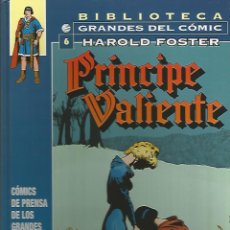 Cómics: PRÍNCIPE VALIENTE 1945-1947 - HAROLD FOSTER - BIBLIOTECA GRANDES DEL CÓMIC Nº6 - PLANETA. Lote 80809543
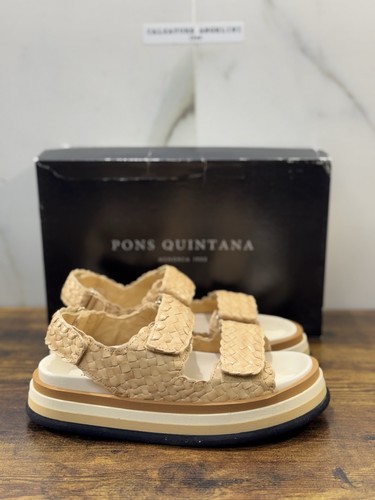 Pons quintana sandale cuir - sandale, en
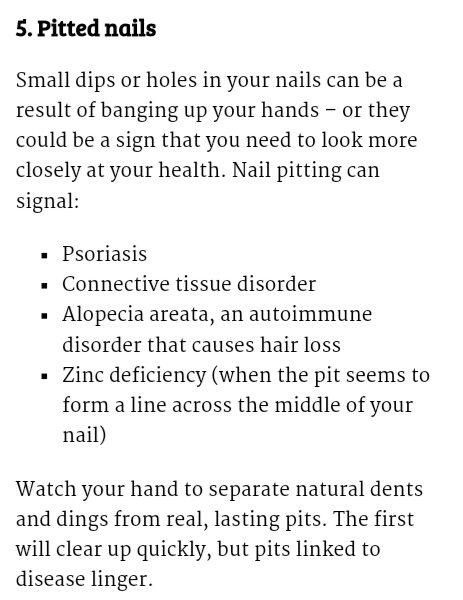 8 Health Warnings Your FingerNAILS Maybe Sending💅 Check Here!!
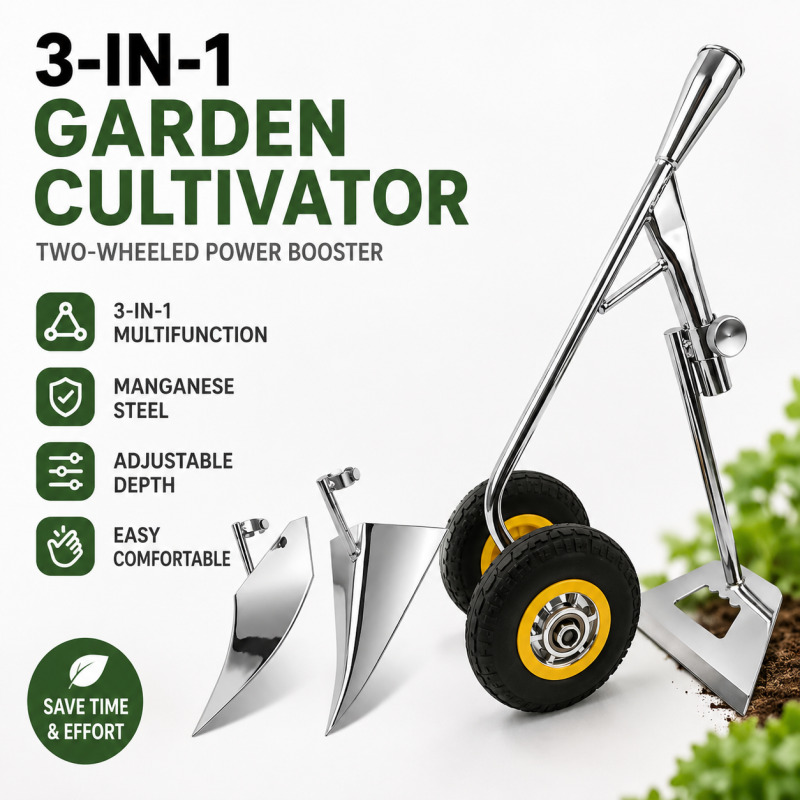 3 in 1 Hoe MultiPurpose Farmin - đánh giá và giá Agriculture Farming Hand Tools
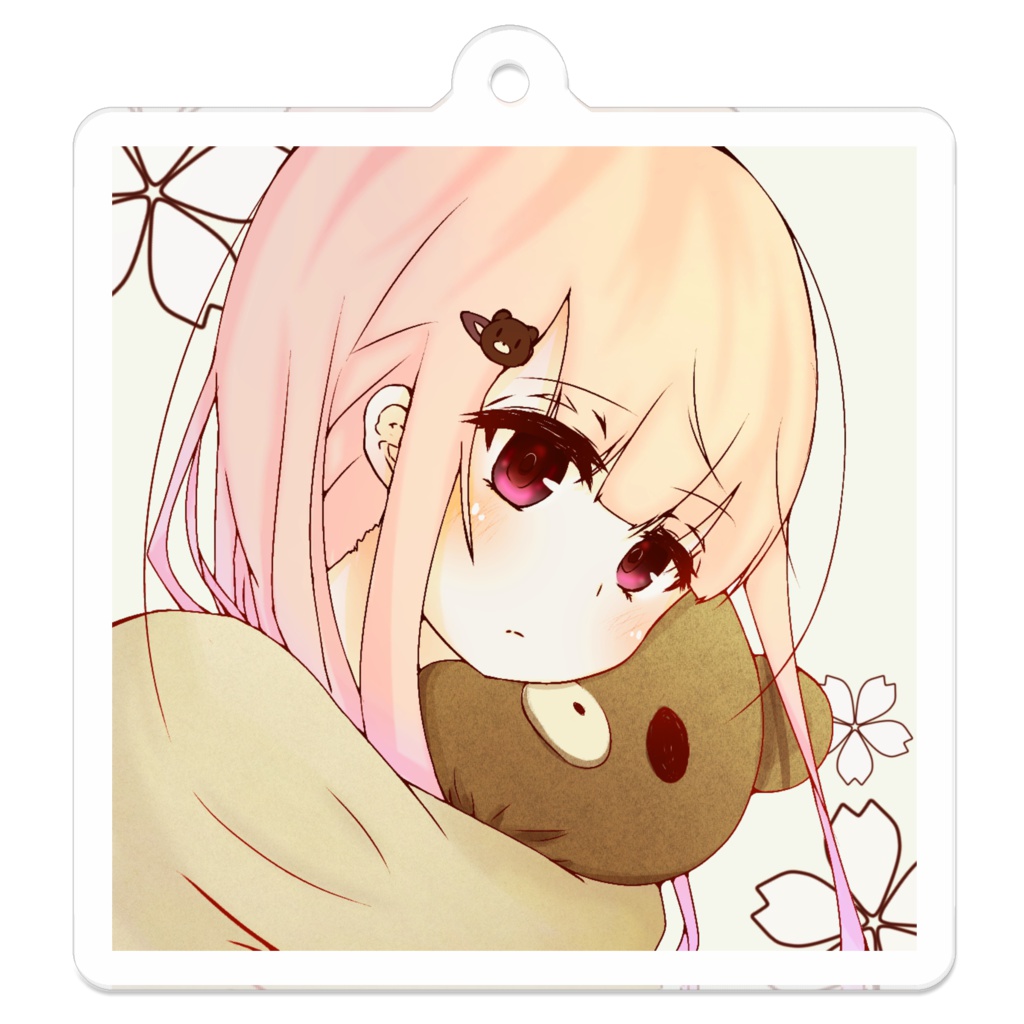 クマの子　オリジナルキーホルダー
□ □ □ □ □
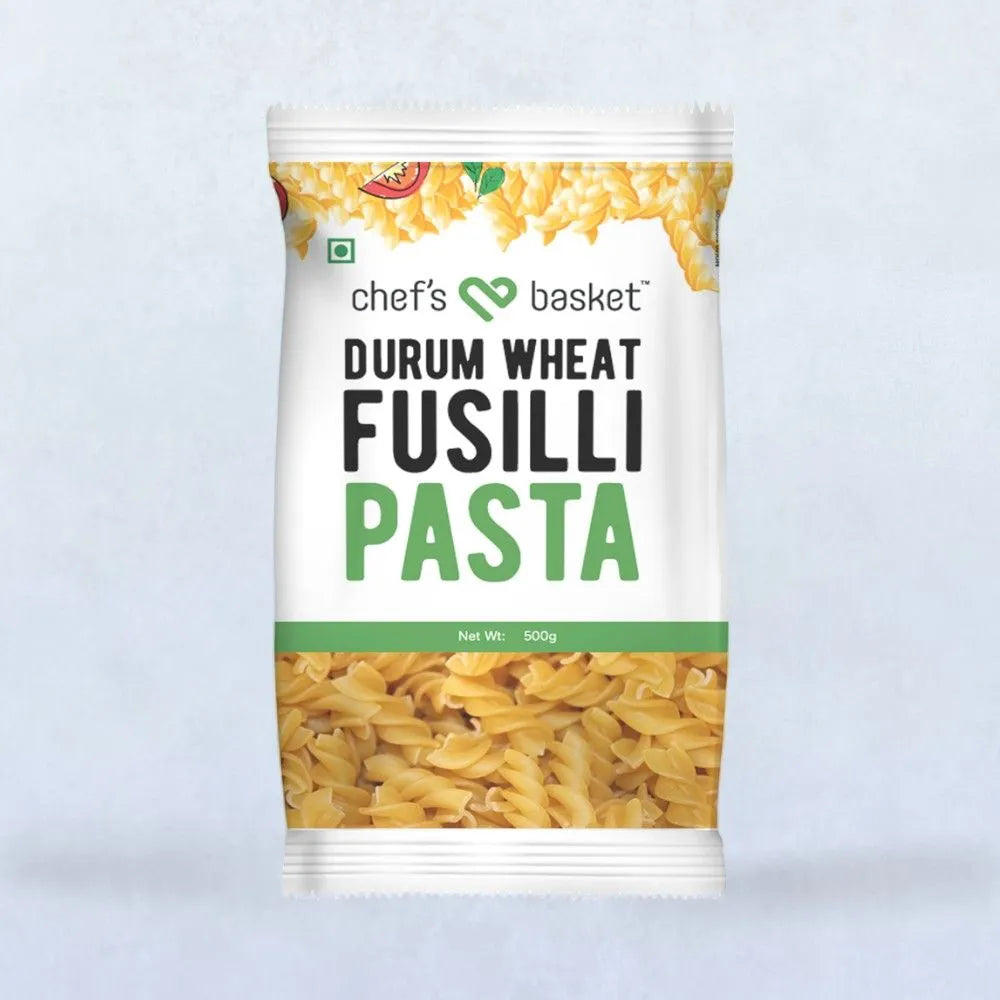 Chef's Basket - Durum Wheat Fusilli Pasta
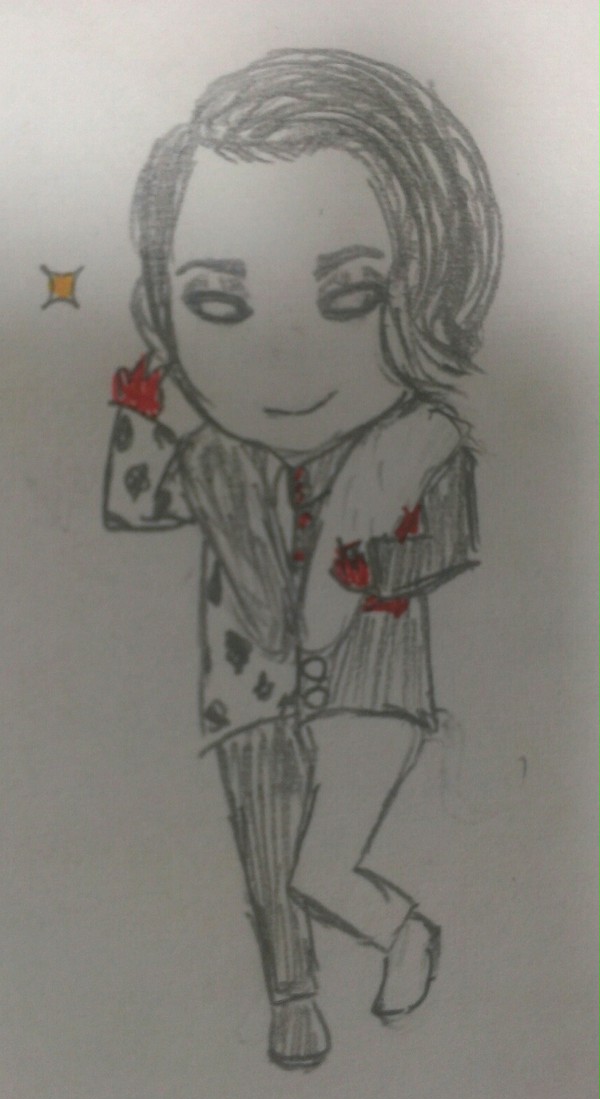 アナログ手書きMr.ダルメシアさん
□ □ □ □ □
DIRECTIONS FOR THIS TASK => How would the lines above read from the one with "3 in 1 Hoe MultiPurpose" to the one with "クマの子　オリジナルキーホルダー", inclusive, with no pictures? Write them out exactly.

RESULT FOR THIS TASK =>
 3 in 1 Hoe MultiPurpose Farmin - đánh giá và giá Agriculture Farming Hand Tools
 クマの子　オリジナルキーホルダー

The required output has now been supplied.